REQUIREMENT: Retype word for word the stretch of entries below from the line that has "Purple Dauphine Leather" through the line that has "safine com br", and omit the pictures.

DATASET EXCERPTS:
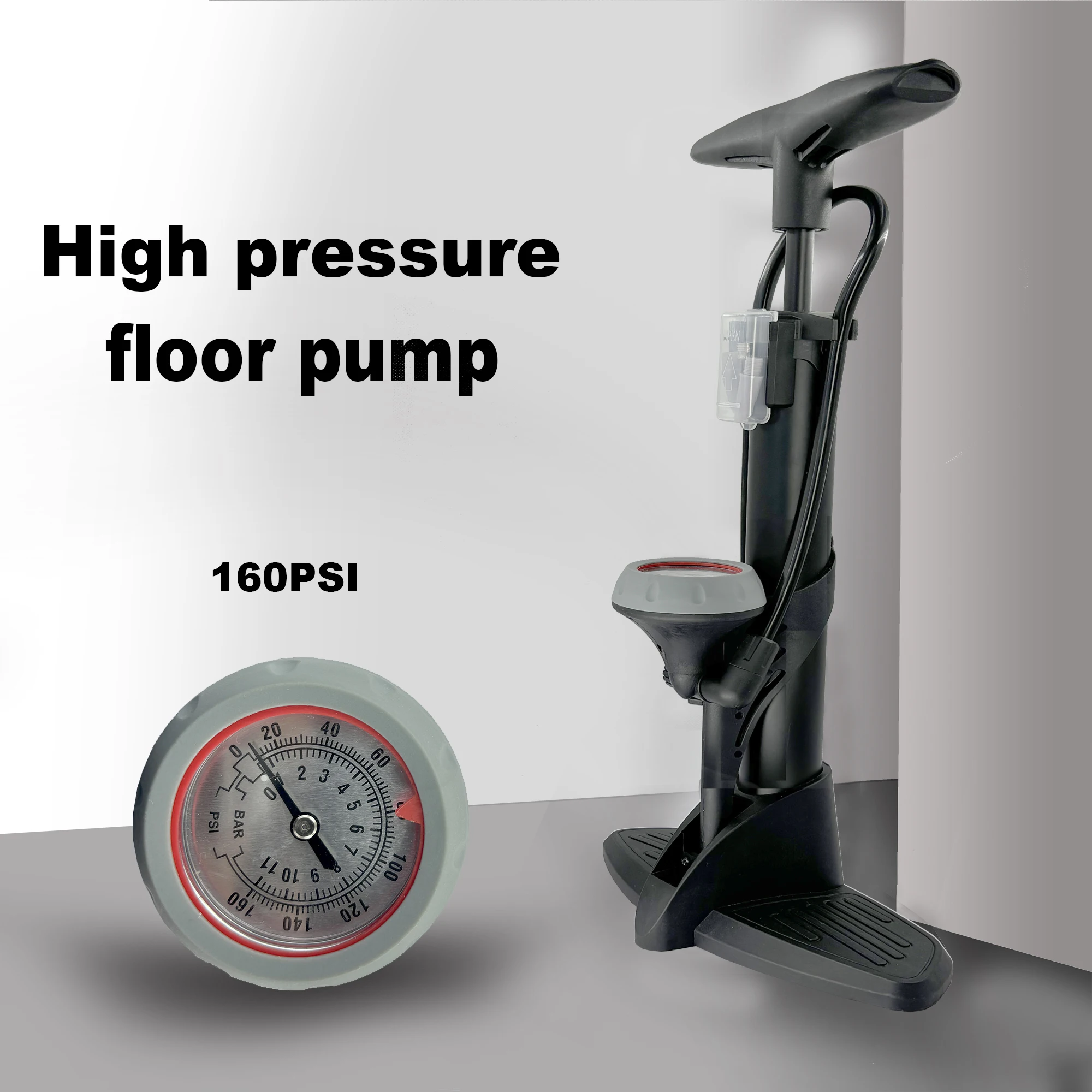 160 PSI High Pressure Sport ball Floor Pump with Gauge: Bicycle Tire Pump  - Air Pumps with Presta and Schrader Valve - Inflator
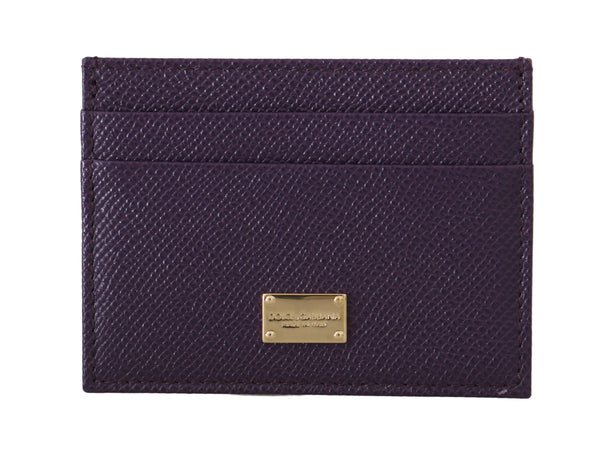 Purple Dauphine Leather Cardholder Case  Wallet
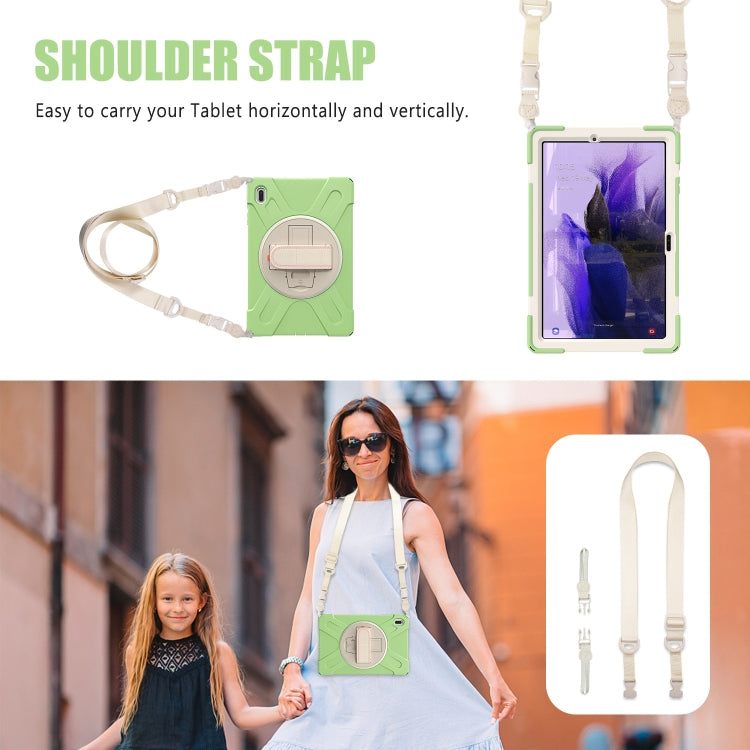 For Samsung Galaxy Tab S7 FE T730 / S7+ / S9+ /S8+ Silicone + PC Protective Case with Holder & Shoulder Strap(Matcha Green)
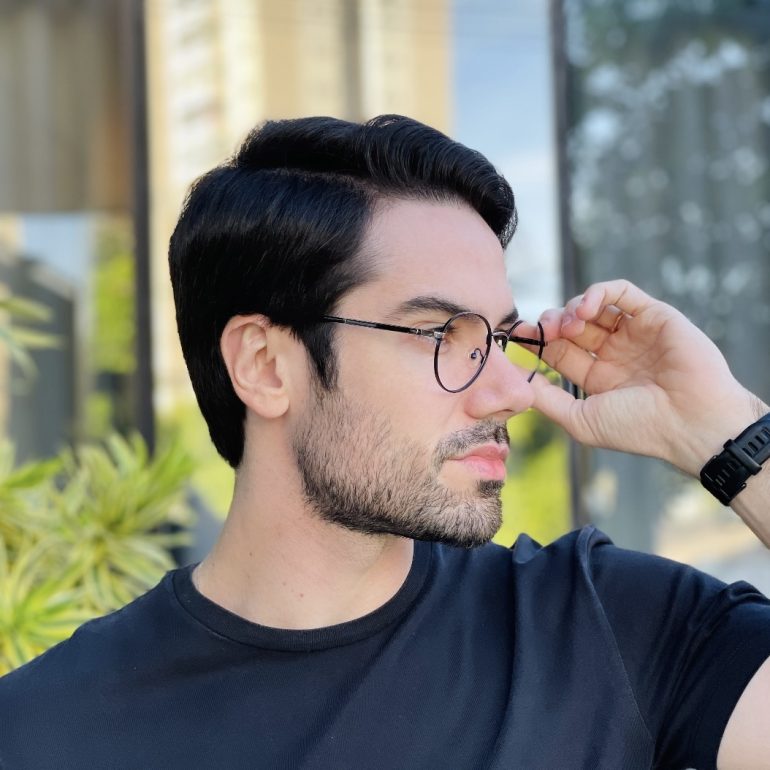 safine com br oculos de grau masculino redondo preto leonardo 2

==

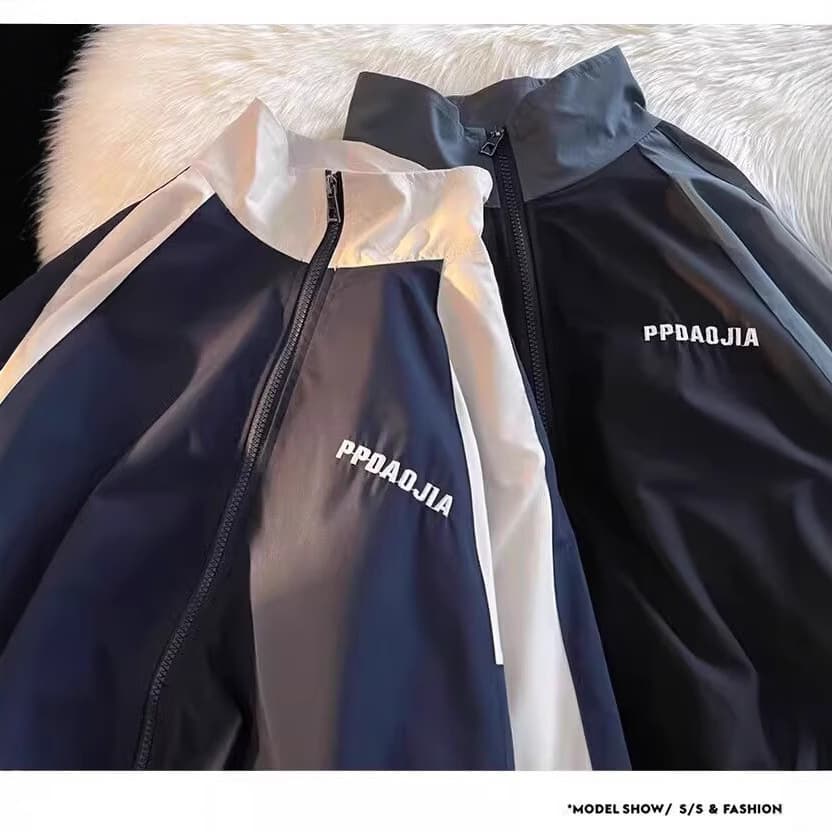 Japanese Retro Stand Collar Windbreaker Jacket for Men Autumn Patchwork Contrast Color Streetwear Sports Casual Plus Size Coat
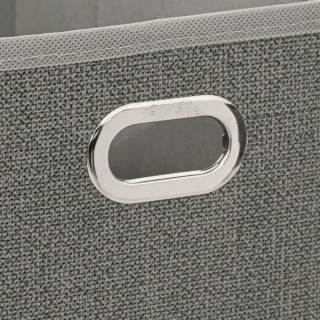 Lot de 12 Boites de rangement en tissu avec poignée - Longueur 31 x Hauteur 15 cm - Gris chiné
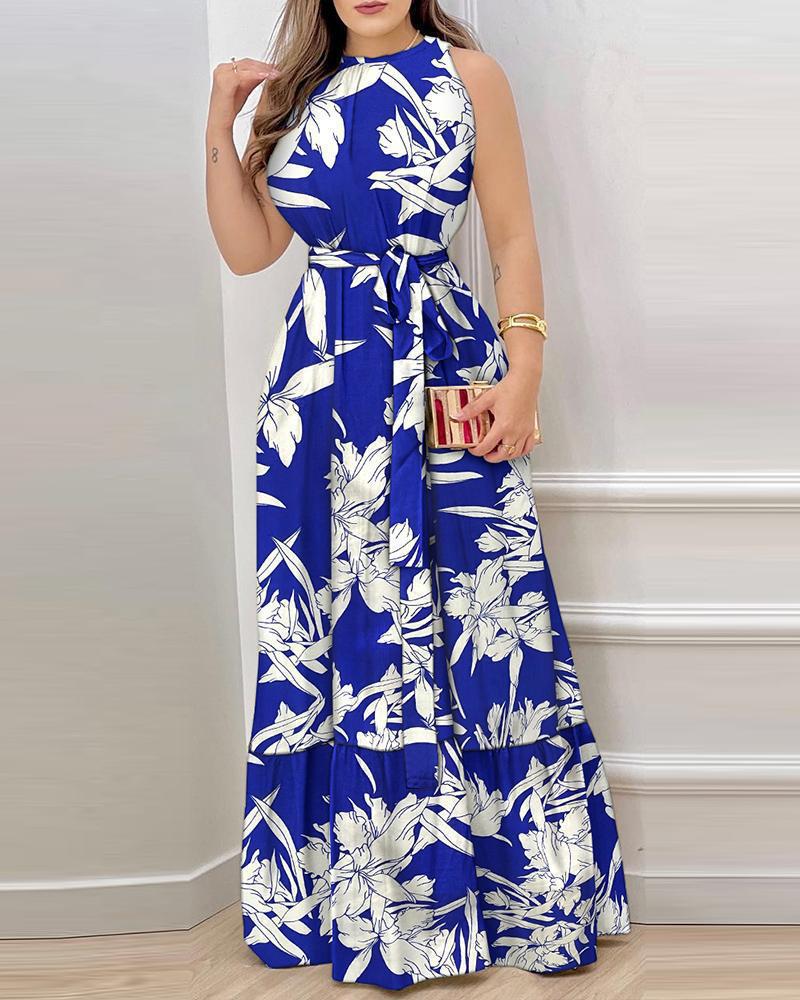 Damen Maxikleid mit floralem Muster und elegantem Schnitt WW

SOLUTION:
 Purple Dauphine Leather Cardholder Case  Wallet
 For Samsung Galaxy Tab S7 FE T730 / S7+ / S9+ /S8+ Silicone + PC Protective Case with Holder & Shoulder Strap(Matcha Green)
 safine com br oculos de grau masculino redondo preto leonardo 2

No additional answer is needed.